If a conflict resolution fell outside these parameters, it was flagged to the controller for review. The controller 
then used semi-automated functions (including the autoresolver) to evaluate different strategic options or approve 
solutions that were outside the tolerances that would have allowed the automation to issue them without controller 
involvement. If a conflict was predicted to occur within less than three minutes, the Tactical Separation Assisted 
Flight Environment (TSAFE) 14 module was activated and computed tactical heading changes for one or both of the 
aircraft involved in the conflict. In the current study, the automation sent the heading change(s) at two minutes to 
predicted LOS automatically, and the controller had no means to intervene. Not providing a manual override was an 
experimental design decision rather than part of the operational concept. 
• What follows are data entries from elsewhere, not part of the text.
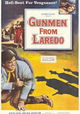 Gunmen from Laredo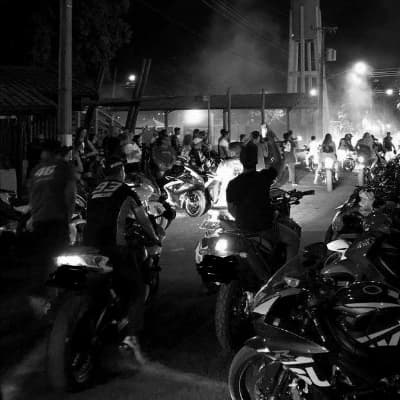 Biker Friend Group thumbnail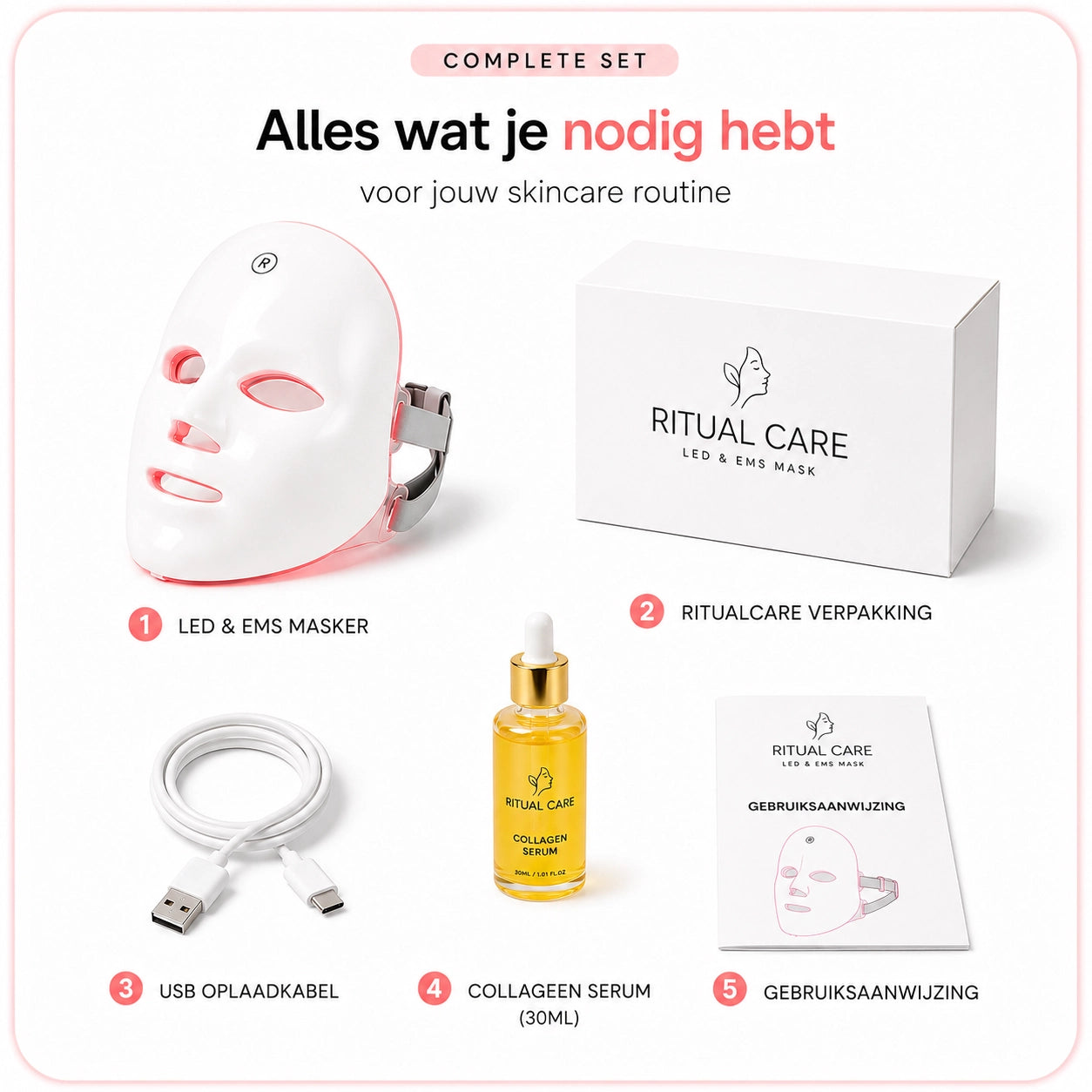 ODELINE PRO MAX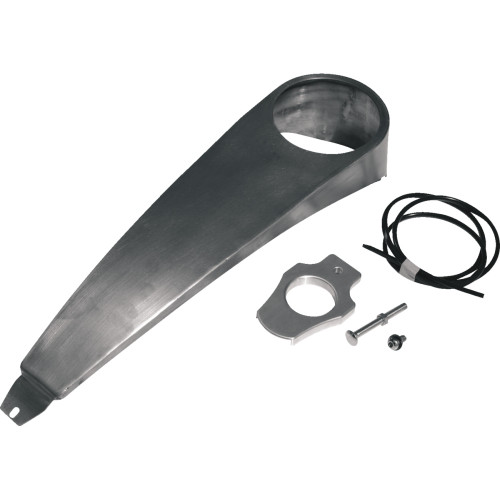 Klock Werks Dash With Switch Relocation Kit Kws-02-0100 Klock Werks Dash With Switch Relocation Kit Kws-02-0100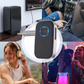 Recepător Bluetooth Auto – Pentru Apeluri, Muzică și GPS 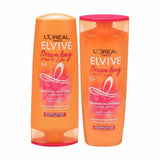 L'Oreal Elvive Dream Long Shampoo + Conditioner 400ml x 2PCS - Pinoyhyper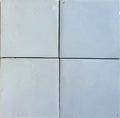 Square — 6″ x 6″ x 5/8″ by Tabarka Studio
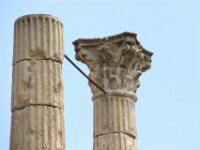 Tarragona - Romeinse site 002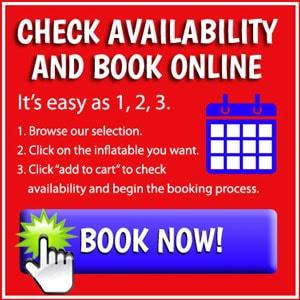 Online Rental Reservations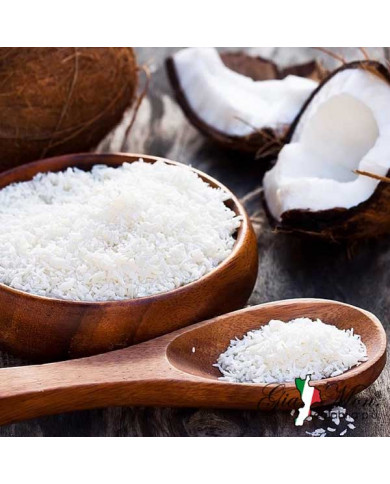 Farina di cocco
While detection and resolution of traffic conflicts was basically automated in the study, other tasks had to be 
conducted by the controllers using automated aids. One controller task was to manually create and send trajectories 
to put off-track aircraft back on a known trajectory. Another manually initiated task was arrival management. The 
ground-based concept experiment ran a script to use the exact same Scheduled Times of Arrival (STA) as the RTAs 
used in the airborne concept experiment. In order to make sure aircraft adhered to this schedule, controllers could 
invoke a meet time function that would combine the autoresolver logic with a speed advisory function and compute 
a combination of route, altitude, and speed change that would achieve the desired STA on a conflict free path. All 
functions were implemented in MACS. The autoresolver and TSAFE source code modules developed by Erzberger 
and Heere were integrated into the MACS Java code and used the MACS built-in trajectory generation and conflict 
probing functions. 

B. Airborne Concept Simulation: Air Traffic Operations Laboratory 

The airborne concept simulation was conducted in the Air Traffic Operations Laboratory (ATOL) at the NASA 
Langley Research Center, in Hampton, Virginia. This 
facility specializes in simulation-based research and 
development of advanced operational concepts 
employing ADS-B, but it is suitable for a variety of 
traffic operations research. For conducting batch and 
HITL experiments, it has over 300 computers, including 
12 desktop pilot workstations, four of which are shown 
in Fig. 4. 

1. Simulation Platform 

The ATOL computing network hosts the Airspace 
and Traffic Operations Simulation (ATOS) platform. 15 
ATOS provides a medium fidelity setting for studying 
the interactions of aircraft in a realistic ADS-B 
environment. The simulation networks multiple 



Figure 4. Pilot workstations in the NASA Langley 
Air Traffic Operations Laboratory.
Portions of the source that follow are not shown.